Once the line with "b. Use an ANOVA with a = .05 to determine" is found in the data, output it and each following line exactly, up to and including the line with "Orthodox Journey to Pascha - Holy Monday", and nothing before or after.

── Source material ──

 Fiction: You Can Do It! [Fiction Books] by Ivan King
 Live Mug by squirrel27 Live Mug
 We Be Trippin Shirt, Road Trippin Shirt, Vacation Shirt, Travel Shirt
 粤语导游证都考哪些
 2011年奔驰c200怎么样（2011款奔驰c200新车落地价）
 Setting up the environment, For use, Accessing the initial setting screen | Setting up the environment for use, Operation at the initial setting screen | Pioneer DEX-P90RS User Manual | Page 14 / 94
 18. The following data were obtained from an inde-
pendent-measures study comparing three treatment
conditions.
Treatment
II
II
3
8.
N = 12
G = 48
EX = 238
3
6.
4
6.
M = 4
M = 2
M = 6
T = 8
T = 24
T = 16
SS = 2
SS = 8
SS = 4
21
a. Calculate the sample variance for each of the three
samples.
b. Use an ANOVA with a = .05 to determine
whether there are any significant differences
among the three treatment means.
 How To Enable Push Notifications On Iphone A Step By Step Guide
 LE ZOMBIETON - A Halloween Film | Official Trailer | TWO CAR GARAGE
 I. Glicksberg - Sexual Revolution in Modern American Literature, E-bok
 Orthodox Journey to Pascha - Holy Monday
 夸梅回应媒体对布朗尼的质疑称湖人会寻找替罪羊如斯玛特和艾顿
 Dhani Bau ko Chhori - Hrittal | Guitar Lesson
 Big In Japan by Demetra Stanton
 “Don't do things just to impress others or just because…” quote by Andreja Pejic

───

Answer space
b. Use an ANOVA with a = .05 to determine
whether there are any significant differences
among the three treatment means.
 How To Enable Push Notifications On Iphone A Step By Step Guide
 LE ZOMBIETON - A Halloween Film | Official Trailer | TWO CAR GARAGE
 I. Glicksberg - Sexual Revolution in Modern American Literature, E-bok
 Orthodox Journey to Pascha - Holy Monday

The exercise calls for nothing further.